Now, we can say that 0 < $\frac{2+\frac{3}n}{2+\frac{1}n}$ < $\frac{2+\frac{3}n}{2} = 1 + \frac{3}{2n}$. We can use this logic to say that

$\frac{2+\frac{3}n}{2+\frac{1}n} - 1 < 1 + \frac{3}{2n} - 1 < \varepsilon$ (since $1 + \frac{3}{2n}$ converges to 1).

So, finding an $N$ for $\frac{3}{2n} - 1$ would be the same as finding an $N$ for $u_n$, so we do:

$1 + \frac{3}{2n} - 1 < \varepsilon$ is the same as $\frac{3}{2n} < \varepsilon$. Thus, if $ N > \frac{3}{2\varepsilon}$, then the initial implication follows. However, I'm not sure how to complete things from here; am I close, or did I fall off the rails at some point? Thanks.

Answer 1

You have already shown that your $N$ works, I think it's all the notation that is giving you a headache.

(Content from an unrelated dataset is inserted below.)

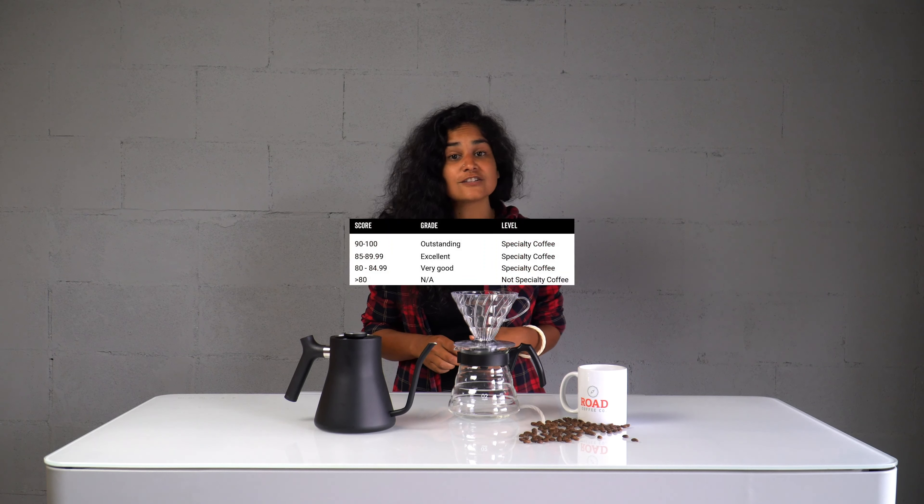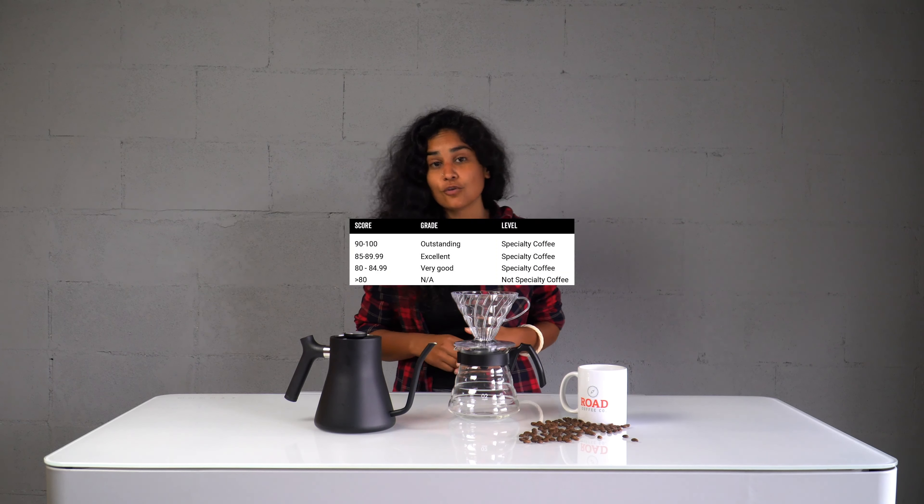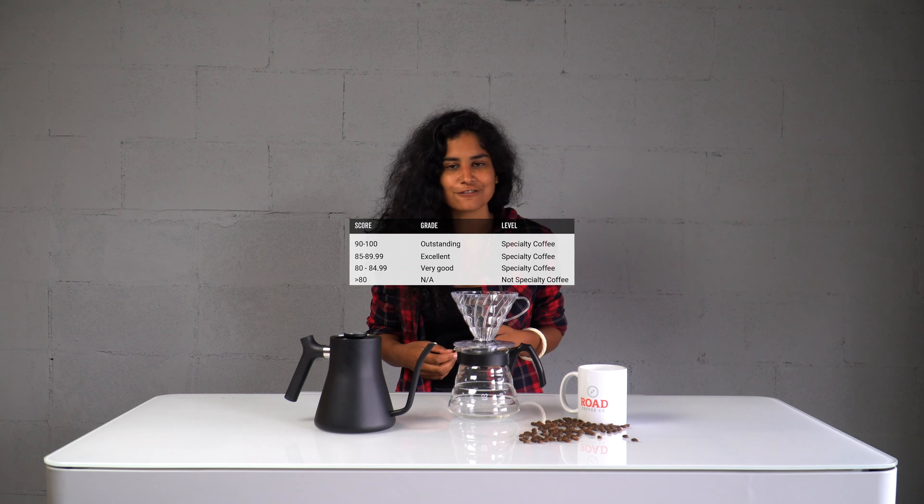Coffee is graded on a scale from 0 to 100 — we call it the Q grader scale. 60 to 80 is considered commercial coffee, what you can find in your local grocery store. 80 to 100 is specialty coffee.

I would write like this (these are your words, but rewritten):

Given $\varepsilon$, take any $N > \frac{3}{2\epsilon}$. Now, for any $n >N$, we have $$ \frac{3}{2n} < \varepsilon$$

and so,

$$\left|\frac{2+\frac{3}n}{2+\frac{1}n} - 1\right| < \left|1 + \frac{3}{2n} - 1\right| = \frac{3}{2n} < \varepsilon $$

Answer 2

It might be useful to rewrite the expression in question before doing "epsilontic":

$$u_n = \frac{2n+3}{2n+1} = \frac{2n+1+2}{2n+1}= 1+\frac{2}{2n+1}$$

Now, $$u_n - 1 = \frac{2}{2n+1} \lt \frac{2}{2n}= \frac{1}{n}$$ From here. you can surely find your $N_{\varepsilon}$ easily.

Answer 3

I think you are giving yourself too much work here.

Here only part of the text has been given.